Os partidos de oposição acusam que a atual convocação às urnas, para 4 de novembro próximo, é uma farsa. Os sandinistas rebatem, garantindo que o objetivo desses grupos é a mera desestabilização do país. Asseguram que seus opositores, na verdade, jamais quiseram a realização dessas eleições.
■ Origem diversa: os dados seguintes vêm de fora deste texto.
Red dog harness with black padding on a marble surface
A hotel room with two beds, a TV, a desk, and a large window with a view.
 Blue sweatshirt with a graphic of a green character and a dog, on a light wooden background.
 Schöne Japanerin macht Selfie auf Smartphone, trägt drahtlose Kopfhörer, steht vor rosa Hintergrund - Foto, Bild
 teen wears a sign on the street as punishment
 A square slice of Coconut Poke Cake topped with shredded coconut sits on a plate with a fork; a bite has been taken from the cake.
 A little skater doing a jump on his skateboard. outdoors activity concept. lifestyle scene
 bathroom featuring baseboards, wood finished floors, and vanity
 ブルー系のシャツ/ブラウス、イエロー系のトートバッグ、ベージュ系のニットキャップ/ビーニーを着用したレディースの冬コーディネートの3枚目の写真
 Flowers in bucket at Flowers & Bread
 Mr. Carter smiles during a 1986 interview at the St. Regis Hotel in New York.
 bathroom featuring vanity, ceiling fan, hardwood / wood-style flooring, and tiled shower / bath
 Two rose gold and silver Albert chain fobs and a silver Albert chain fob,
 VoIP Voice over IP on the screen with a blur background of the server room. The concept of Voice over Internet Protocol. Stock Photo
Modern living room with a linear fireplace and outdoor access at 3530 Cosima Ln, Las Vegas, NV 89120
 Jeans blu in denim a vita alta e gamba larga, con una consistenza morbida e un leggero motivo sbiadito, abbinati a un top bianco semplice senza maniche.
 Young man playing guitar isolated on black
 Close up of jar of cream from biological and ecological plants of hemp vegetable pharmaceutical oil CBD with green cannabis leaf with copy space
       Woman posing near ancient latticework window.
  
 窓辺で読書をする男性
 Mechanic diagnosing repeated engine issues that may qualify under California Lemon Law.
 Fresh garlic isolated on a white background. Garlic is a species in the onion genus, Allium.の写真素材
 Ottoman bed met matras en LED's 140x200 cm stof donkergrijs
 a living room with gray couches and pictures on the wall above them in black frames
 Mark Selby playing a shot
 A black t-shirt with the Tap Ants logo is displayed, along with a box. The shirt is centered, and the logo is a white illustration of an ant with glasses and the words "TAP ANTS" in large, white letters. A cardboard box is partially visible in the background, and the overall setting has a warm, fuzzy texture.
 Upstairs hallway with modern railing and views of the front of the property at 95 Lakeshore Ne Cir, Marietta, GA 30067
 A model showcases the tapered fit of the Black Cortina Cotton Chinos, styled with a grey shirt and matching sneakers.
O Uruguai, por seu turno, está muito próximo de retornar à trilha que jamais deveria ter abandonado. E embora um dos maiores líderes nacionais, Wilson Ferreira Aldunate, permaneça encarcerado por motivos políticos, as eleições devem ser saudadas como uma grande vitória da população uruguaia. Devem ser encaradas, sobretudo, como uma prova de que o regime democrático pode estar eivado de falhas e imperfeições, pode não ser o ideal, pode dar margens à corrupção e à demagogia, mas que até hoje não se inventou nenhum sistema mais justo e funcional para a condução e a administração de qualquer sociedade nacional.

Três continentes, três países, três retrospectos, três histórias. São, na verdade, três grandes esperanças de uma sonhada e talvez próxima estabilidade continental. Amém!

(Artigo publicado na página 2, Opinião, do Correio Popular, em 28 de outubro de 1984).